Fundamentando esta convicción tenemos las palabras del Antiguo Testamento que pone en boca de Dios afirmaciones categóricas: «La vida y la muerte (…) son del Señor» (Si 11, 14). «Yo pediré cuenta de vuestra sangre y de vuestra vida (…), porque a imagen de Dios fue hecho el hombre» (Gn 9, 5-6).
Y nuestro Señor da a este mandamiento un sentido pleno y exigente. En el sermón de la montaña dice: «Habéis oído que se dijo a los antiguos: “No matarás”, y el que mate será reo de juicio. Pero yo os digo: todo el que se llene de ira contra su hermano será reo de juicio; y el que insulte a su hermano será reo ante el Sanedrín; y el que le maldiga será reo del fuego del infierno. Por tanto, si al llevar tu ofrenda al altar recuerdas que tu hermano tiene algo contra ti, deja allí tu ofrenda delante del altar, vete primero a reconciliarte con tu hermano, y vuelve después para presentar tu ofrenda» (Mt 5, 21-24). En estas palabras de nuestro Señor se ve que el precepto de no matar es más que salvaguardar la vida del hombre; consiste, además, en la veneración y amor hacia la persona y su vida.

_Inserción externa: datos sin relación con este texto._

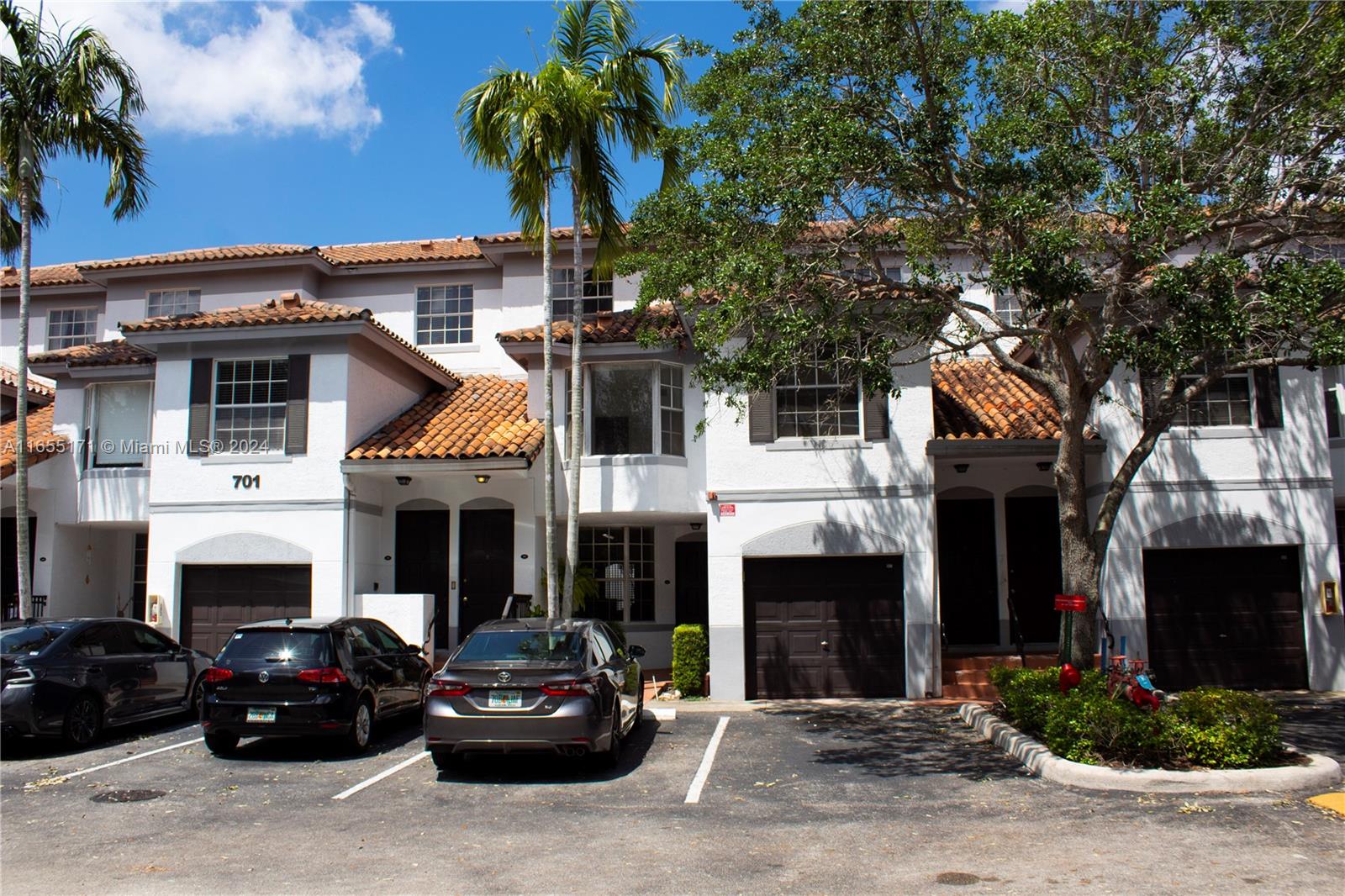 a view of a car park in front of house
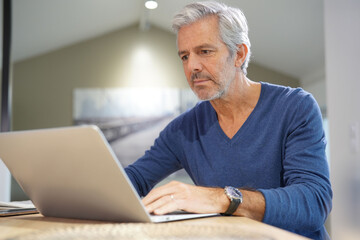 Portrait of senior man at home working on laptop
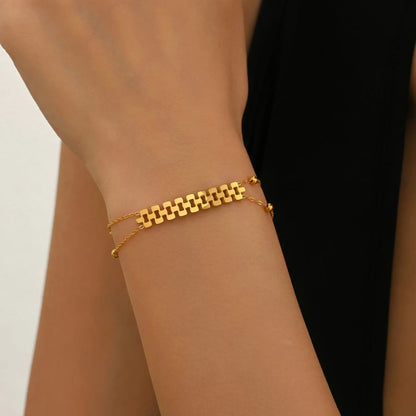A close-up of a delicate gold double-strand bracelet worn on a person's wrist. The bracelet features a central geometric link pattern on one side and a fine chain on the other, set against a background of skin tones and a black garment.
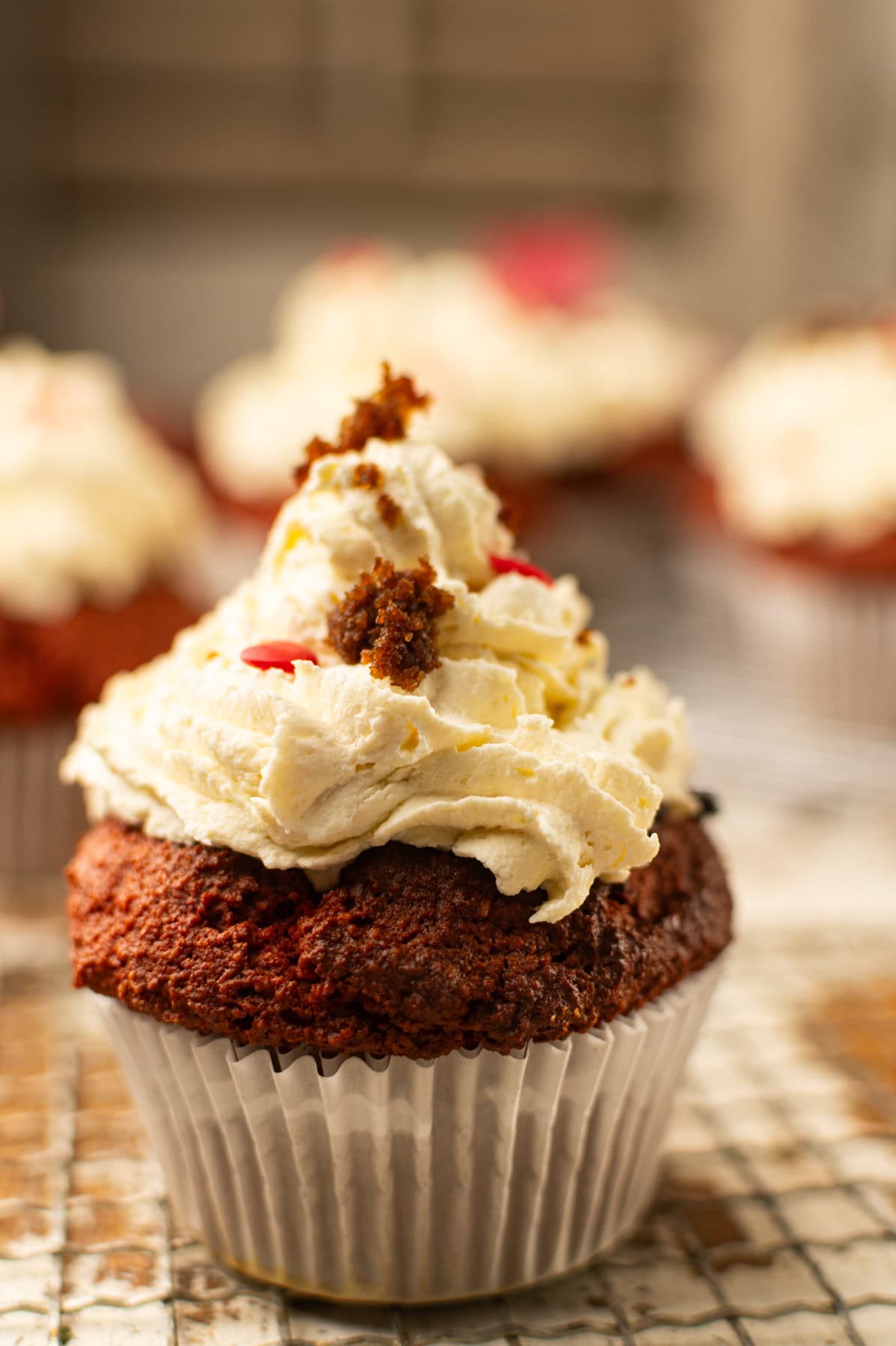 A close-up of a red velvet cupcake with creamy swirled frosting, decorated with small crumbs and red sprinkles, sitting on a wire cooling rack with more cupcakes blurred in the background.
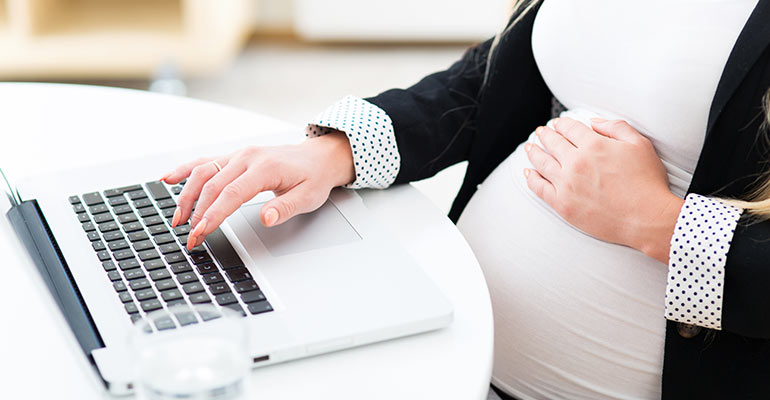 pregnant woman at desk typing and holding stomach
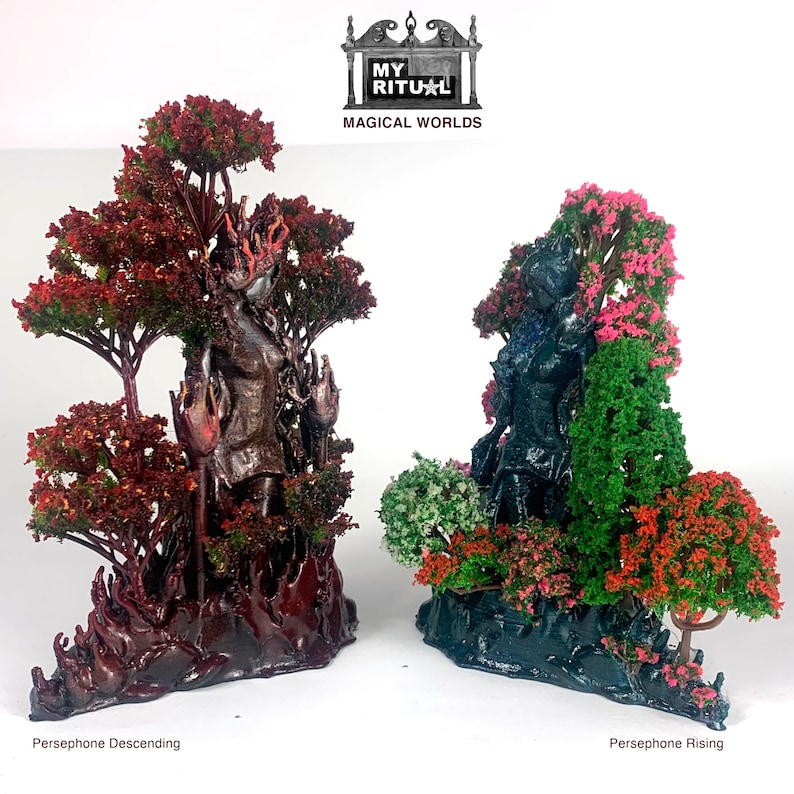 May include: Two 3D printed figurines of a woman standing in a forest setting. The figurine on the left is in a dark red forest with a fiery red base. The figurine on the right is in a dark blue forest with a dark blue base. The text "MY RITUAL MAGICAL WORLDS" is at the top of the image. The figurine on the left is labeled "Persephone Descending" and the figurine on the right is labeled "Persephone Rising".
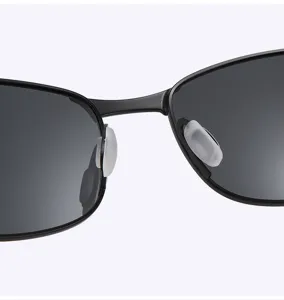 Detailed close-up view of metal sunglasses nose pads and bridge, classic retro design.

Queda claro con esto que el homicidio voluntario debe considerarse como un pecado grave. Sin embargo, este mandamiento, incluye aspectos más complejos que no podemos abordar aquí con exactitud y detalle, así es que nos limitaremos a señalar los puntos más importantes.
Aborto, eutanasia y suicidio
Desde el primer instante de su existencia, es decir, desde su concepción, el ser humano posee el derecho inalienable de todo ser inocente a la vida. No es un mero conjunto de células, ni es un apéndice de la madre; es una persona. Desde su comienzo mismo se encuentra fijado su código y su programa genético para su futuro. Su eliminación no puede llamarse con el eufemismo “interrupción del embarazo”. El aborto directo, querido como fin, pero también como medio, es un pecado nefasto. Tiene varios agravantes: su víctima es el más inocente de todos los seres imaginables, que jamás podría considerarse un agresor; es inerme, es decir, carece de todo medio de defensa posible; se le da muerte en el seno mismo de la vida; y es su propia madre la que decide o consiente eliminarlo.
La Iglesia alaba las iniciativas que apoyan a las madres a continuar con sus embarazos y destaca la importancia de informar sobre las consecuencias negativas del aborto. El papel del estado en proteger esta población vulnerable es crucial.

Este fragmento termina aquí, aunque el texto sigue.